Tabel 4 Selectie van geprefabriceerde afschuiningen voor het buigen
Buigvorm | Rand in | Rand uit | ||
Deel afgeschuinde vorm | Open zwaaihaak | Gesloten schuine kant | Open zwaaihaak | Gesloten schuine kant |
Geprefabriceerde hoekafwijkingsrichting | Te klein | Te groot | Te groot | Te klein |
3) Op een revolverbuigmachine is het mogelijk om tijdens het buigen deelafschuiningen te maken met een nauwkeurigheid tot ±30'.

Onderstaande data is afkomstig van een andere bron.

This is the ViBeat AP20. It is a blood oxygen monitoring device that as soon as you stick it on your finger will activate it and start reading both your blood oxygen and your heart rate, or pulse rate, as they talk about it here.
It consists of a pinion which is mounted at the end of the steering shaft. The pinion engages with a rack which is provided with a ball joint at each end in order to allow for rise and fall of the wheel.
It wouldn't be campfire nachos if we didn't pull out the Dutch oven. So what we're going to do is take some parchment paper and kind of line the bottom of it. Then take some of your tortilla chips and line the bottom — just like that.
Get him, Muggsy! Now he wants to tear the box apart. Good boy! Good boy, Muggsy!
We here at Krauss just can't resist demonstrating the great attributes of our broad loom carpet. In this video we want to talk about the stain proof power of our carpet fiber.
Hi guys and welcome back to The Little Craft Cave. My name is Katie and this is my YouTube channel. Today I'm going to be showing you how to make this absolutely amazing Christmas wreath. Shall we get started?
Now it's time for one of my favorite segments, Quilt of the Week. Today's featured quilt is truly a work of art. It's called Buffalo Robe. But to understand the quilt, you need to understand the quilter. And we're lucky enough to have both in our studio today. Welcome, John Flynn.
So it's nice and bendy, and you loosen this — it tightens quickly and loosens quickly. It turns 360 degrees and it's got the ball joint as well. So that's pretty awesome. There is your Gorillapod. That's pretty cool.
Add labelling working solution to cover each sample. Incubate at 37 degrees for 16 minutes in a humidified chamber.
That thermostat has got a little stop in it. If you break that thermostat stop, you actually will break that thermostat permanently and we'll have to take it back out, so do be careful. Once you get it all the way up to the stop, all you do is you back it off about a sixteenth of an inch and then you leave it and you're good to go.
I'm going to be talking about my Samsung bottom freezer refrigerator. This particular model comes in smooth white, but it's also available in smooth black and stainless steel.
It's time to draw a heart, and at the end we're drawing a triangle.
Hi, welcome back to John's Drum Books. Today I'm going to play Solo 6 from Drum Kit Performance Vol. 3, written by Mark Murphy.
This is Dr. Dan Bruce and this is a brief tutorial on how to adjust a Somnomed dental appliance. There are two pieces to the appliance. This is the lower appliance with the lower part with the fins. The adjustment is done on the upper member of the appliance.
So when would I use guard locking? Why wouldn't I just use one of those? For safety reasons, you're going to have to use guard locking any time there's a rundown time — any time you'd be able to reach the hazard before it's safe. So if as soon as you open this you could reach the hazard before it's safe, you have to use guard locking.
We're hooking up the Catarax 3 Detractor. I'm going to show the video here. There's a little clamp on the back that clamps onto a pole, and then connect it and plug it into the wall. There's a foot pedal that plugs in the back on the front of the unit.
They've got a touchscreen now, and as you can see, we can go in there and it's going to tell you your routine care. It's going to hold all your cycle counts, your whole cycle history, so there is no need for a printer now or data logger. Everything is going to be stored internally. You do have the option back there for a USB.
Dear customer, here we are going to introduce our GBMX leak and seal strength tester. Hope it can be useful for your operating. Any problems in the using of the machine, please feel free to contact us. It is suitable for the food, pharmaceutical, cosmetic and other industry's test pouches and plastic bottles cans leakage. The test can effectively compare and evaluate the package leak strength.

(3) Buigen van profielen met variabele doorsnede
Algemeen profiel buigen wordt uitgevoerd bij een constante doorsnede en dikte, maar voor de volgende types profielen met variabele dikte kan het buigen ook worden uitgevoerd door de nodige maatregelen te nemen:
1) Een profiel met een gelijkmatig toenemende doorsnede van klein naar groot kan gebogen worden op een draaischijfbuigmachine. Begin met buigen vanaf het uiteinde met de kleinste doorsnede, gebruik aanvankelijk een kleinere trekkracht en verhoog geleidelijk de trekkracht naarmate de doorsnede groter wordt totdat de uiteindelijke vorm is gevormd.
2) Gelijkmatig verdikte S-vormige delen. De gepaarde combinatie buigmethode kan worden gebruikt, en het uiteinde met de kleinste doorsnede wordt gebruikt als het combinatie uiteinde, zoals getoond in Figuur 9.